A pandemic is raging with devastating consequences, and long-standing problems with racial bias and political polarization are coming to a head. Artificial intelligence (AI) has the potential to help us deal with these challenges. However, AI’s risks have become increasingly apparent. Scholarship has illustrated cases of AI opacity and lack of explainability, design choices that result in bias, negative impacts on personal well-being and social interactions, and changes in power dynamics between individuals, corporations, and the state, contributing to rising inequalities. Whether AI is developed and used in good or harmful ways will depend in large part on the legal frameworks governing and regulating it.

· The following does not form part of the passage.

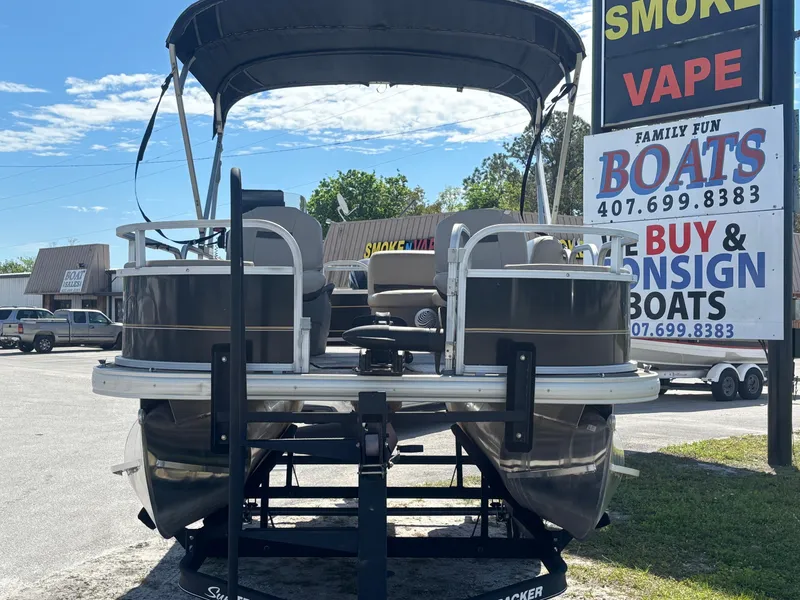 Slide: The Image of 2020 Sun Tracker Bass Buggy 18 DLX pontoon boat displayed at a dealership. - 4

There should be a new guiding tenet to AI regulation, a principle of AI legal neutrality asserting that the law should tend not to discriminate between AI and human behavior. Currently, the legal system is not neutral. An AI that is significantly safer than a person may be the best choice for driving a vehicle, but existing laws may prohibit driverless vehicles. A person may manufacture higher-quality goods than a robot at a similar cost, but a business may automate because it saves on taxes. AI may be better at generating certain types of innovation, but businesses may not want to use AI if this restricts ownership of intellectual-property rights. In all these instances, neutral legal treatment would ultimately benefit human well-being by helping the law better achieve its underlying policy goals.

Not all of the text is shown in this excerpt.